Problem description: Apart from the images, the entire listing below must be restated word for word.

Provided material:

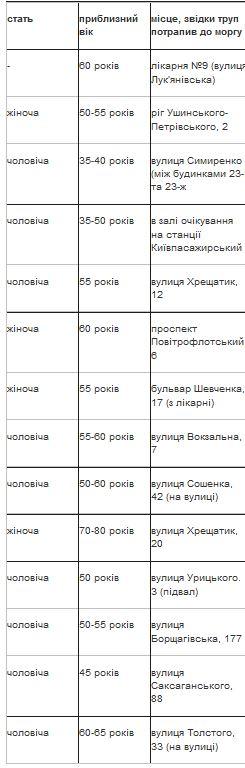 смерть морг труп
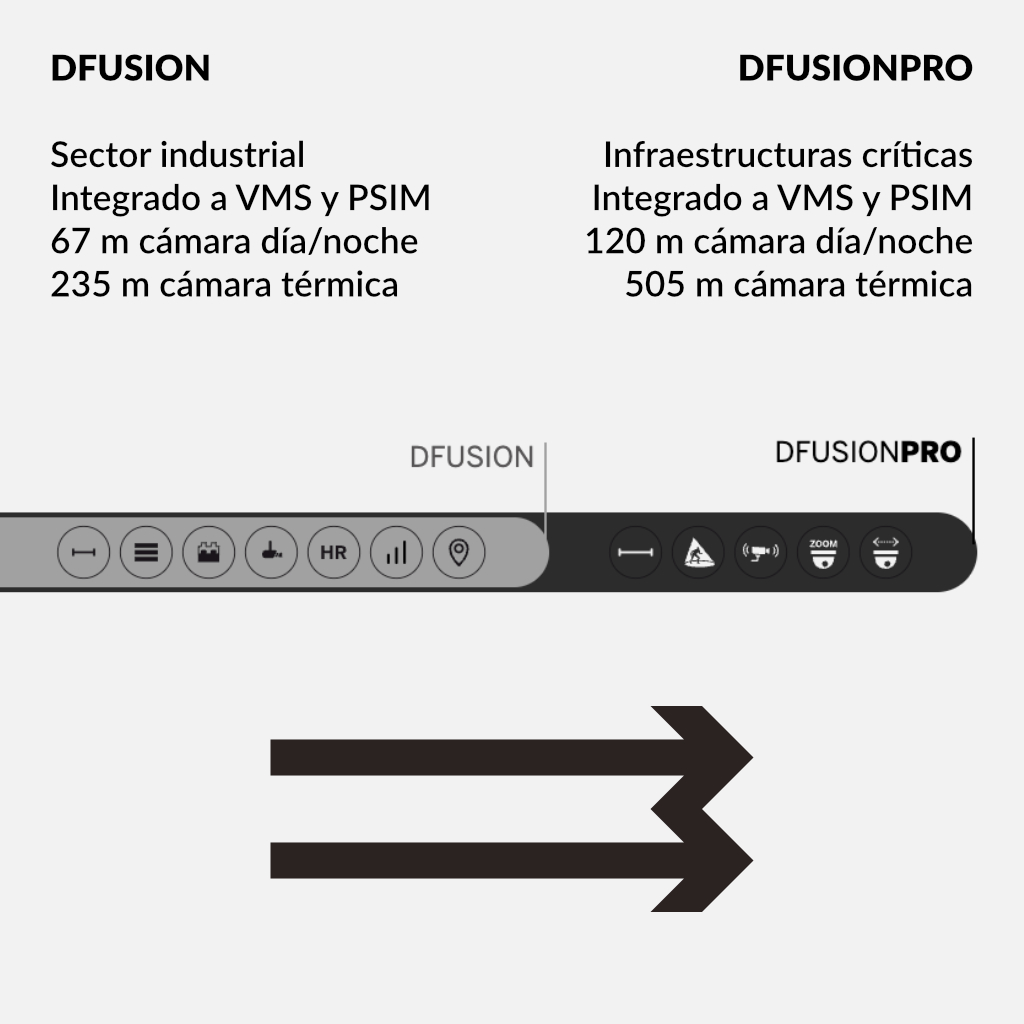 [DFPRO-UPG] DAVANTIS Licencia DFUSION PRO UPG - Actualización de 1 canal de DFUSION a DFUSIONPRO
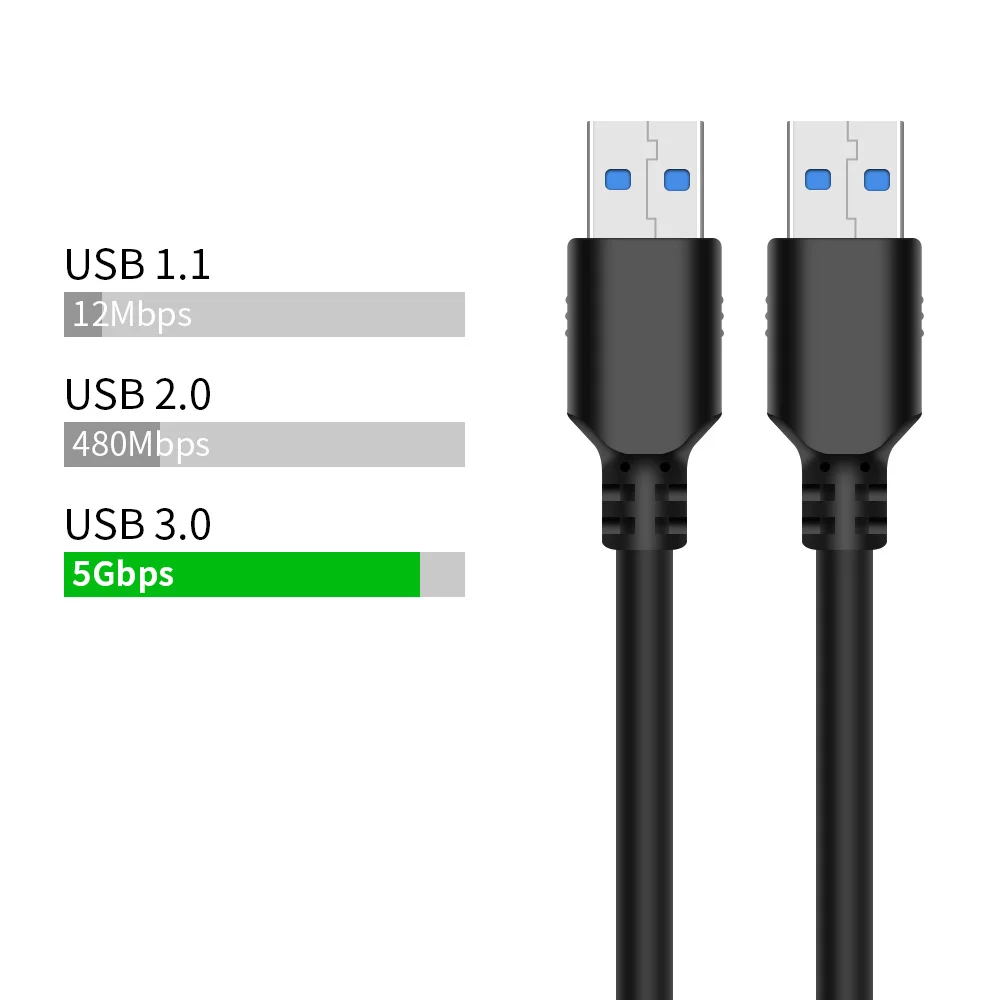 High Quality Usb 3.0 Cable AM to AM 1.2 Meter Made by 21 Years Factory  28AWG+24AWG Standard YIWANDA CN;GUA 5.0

Exercise output:
 смерть морг труп
 [DFPRO-UPG] DAVANTIS Licencia DFUSION PRO UPG - Actualización de 1 canal de DFUSION a DFUSIONPRO
 High Quality Usb 3.0 Cable AM to AM 1.2 Meter Made by 21 Years Factory  28AWG+24AWG Standard YIWANDA CN;GUA 5.0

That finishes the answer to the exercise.